紅色年代2

Asukal2004-10-27

かつて大学を卒業した知識を持つ人々は自身で職業を選ぶことが許されなかった。
学んだ知識と教養は国家に属しその人材は国家の配分にて職種、職場が決定された。

国家はその知識を恐れスポイルする目的と、さらに地方の非知識階層への平等の証として知識人を僻地に送り込み非知識人と同じ職種を与えた。

Asukal知る旧国営時代の貿易公司の職員はほとんどこの経験を持つ。彼らの話を聞けばそれは一番輝くべき青春の時代をつらい労働と何も無いツンドラ、山の中、或いは砂漠地帯ですごさねばならなかったつらい思い出だと言う。

そんな昔の話ではない。ほんの十数年前までの話である。

そんな政策を逃れるためにたくさんの大学生が香港へ逃げた。多くのものは海を泳いで大陸から香港へ渡った。

Asukalの知る香港の家具工場の社長もその一人だったと言う。
見つからぬように波を立てぬようゆっくりと泳ぐ。夜中から明け方までかかる。
ある者は赤い腕章を付けた警備隊に見つかり銃殺、ある者は力尽きて水に沈み二度とは浮いてこなかった。彼は空気の入った球技用のボールを持って泳ぎきったと言う。

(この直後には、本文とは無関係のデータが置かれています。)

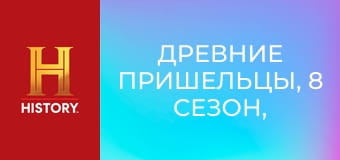 Древние пришельцы, 8 сезон, 10 эп. Запретные зоны.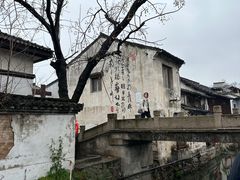 -绍兴书圣故里景区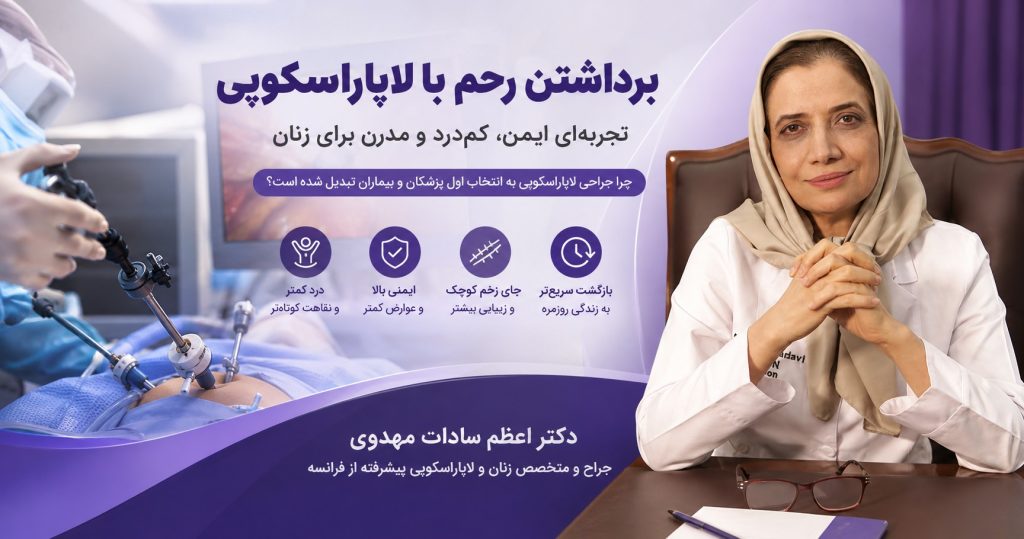 برداشتن رحم با لاپاراسکوپی؛ تجربه‌ای ایمن، کم‌درد و مدرن برای زنان با دکتر اعظم السادات مهدوی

身の回りのものはもちろん、金銭さえ持っては行けぬ。英国領香港政府はそれらの学生を人材として歓迎し受け入れる施設も準備した。陸へ上がった学生が一時的に眠る場所と衣服と簡単な食事を持って受け入れたと言う。

そして家族や親戚、知人の所へと散っていったと言う。

彼は今、大陸に工場を持ち自由に行き来できる。大陸は今彼らの投資を歓迎している。
笑って当時の事を話してくれる。40年前の話だったと。